[Data to examine]
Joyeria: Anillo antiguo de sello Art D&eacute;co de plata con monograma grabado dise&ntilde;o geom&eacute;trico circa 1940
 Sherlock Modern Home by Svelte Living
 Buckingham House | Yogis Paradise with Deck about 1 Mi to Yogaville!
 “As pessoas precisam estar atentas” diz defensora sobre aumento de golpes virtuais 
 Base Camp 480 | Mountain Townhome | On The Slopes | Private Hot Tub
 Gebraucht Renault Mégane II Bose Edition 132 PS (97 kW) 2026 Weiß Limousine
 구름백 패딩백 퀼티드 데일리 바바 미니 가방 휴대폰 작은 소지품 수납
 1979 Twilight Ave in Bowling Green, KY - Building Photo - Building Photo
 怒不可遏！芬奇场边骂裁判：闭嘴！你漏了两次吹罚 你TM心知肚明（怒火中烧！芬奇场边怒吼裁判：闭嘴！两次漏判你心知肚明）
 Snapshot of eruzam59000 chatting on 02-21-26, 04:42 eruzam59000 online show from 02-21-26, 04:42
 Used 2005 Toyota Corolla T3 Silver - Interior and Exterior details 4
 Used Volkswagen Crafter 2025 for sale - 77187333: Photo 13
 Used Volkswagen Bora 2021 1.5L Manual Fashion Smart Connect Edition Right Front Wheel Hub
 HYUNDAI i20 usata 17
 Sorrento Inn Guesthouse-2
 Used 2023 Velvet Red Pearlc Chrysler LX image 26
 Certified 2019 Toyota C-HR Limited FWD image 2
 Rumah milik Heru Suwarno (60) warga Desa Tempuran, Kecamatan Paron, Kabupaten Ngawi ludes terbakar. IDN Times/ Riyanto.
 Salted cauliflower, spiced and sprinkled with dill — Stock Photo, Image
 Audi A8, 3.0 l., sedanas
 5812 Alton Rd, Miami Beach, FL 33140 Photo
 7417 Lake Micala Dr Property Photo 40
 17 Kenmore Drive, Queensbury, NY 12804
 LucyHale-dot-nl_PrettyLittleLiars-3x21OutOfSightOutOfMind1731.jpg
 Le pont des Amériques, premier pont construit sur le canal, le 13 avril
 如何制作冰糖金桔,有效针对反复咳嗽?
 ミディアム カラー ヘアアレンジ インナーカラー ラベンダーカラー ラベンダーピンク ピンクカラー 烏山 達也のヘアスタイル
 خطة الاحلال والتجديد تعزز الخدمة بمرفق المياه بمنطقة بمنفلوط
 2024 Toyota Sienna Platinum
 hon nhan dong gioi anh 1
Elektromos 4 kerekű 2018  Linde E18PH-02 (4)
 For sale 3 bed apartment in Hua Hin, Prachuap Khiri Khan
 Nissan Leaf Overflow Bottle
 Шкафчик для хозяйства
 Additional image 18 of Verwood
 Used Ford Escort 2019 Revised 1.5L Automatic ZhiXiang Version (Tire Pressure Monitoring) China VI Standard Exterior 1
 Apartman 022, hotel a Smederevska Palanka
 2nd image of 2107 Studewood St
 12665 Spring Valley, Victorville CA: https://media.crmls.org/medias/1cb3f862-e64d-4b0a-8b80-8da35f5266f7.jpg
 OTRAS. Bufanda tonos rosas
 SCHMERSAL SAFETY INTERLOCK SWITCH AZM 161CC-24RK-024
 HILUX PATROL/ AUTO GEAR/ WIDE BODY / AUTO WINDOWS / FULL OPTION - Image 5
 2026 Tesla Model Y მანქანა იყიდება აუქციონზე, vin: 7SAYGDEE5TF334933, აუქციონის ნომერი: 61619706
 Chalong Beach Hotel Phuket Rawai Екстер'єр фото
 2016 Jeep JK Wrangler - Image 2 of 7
[/Data to examine]
• [Prompt]: Across the material, how many lines contain "Photo"? The reply must be that number and nothing else.

• [Your solution]: 5